### SUPPLIED INFORMATION
════════════════════
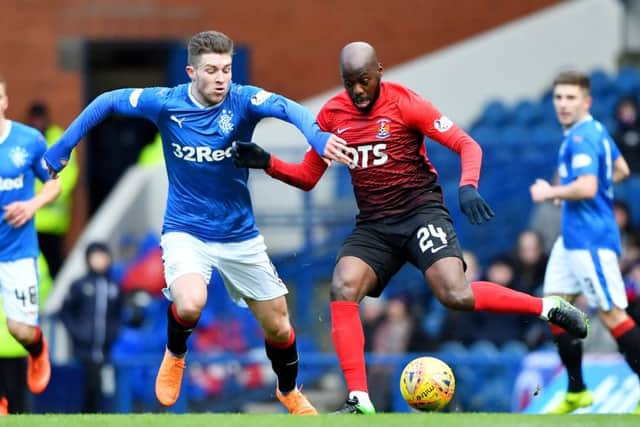 Josh Windass battles for the ball with Kilmarnock's Youssouf Mulumbu during the recent Scottish Premiership clash. Picture: SNS Group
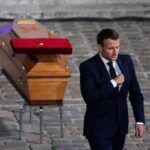 Macron, presidente della Francia, davanti a una bara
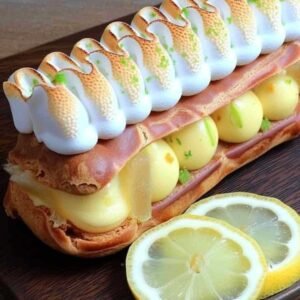 Éclairs Meringués au Citron 3 Éclairs meringués au citron sur présentoir à pâtisserie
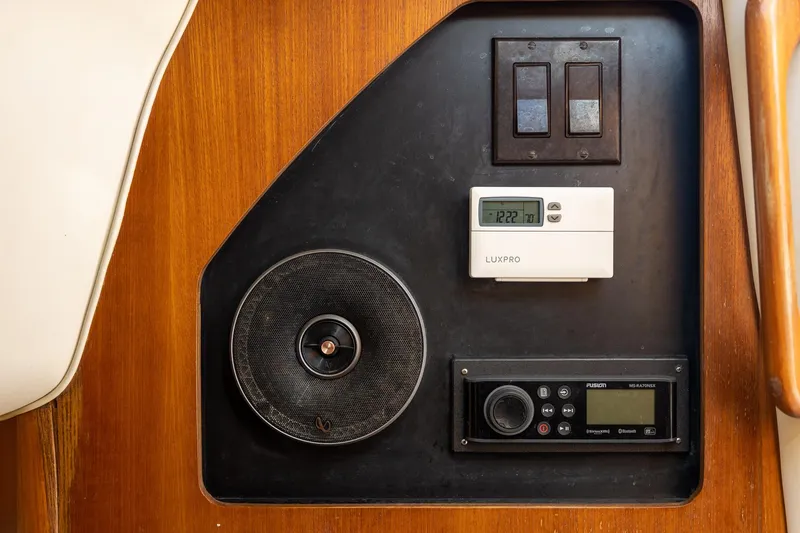 Slide: The Image of Control panel on 1997 Tiara Yachts 3500 Express with speaker, thermostat, and radio. - 52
════════════════════
### EXERCISE BRIEF
Pictures should not appear; only the lines from the start of the listing above to the line containing "Éclairs Meringués au Citron 3", both ends included, are to be repeated exactly.

### WRITTEN REPLY
 Josh Windass battles for the ball with Kilmarnock's Youssouf Mulumbu during the recent Scottish Premiership clash. Picture: SNS Group
 Macron, presidente della Francia, davanti a una bara
 Éclairs Meringués au Citron 3 Éclairs meringués au citron sur présentoir à pâtisserie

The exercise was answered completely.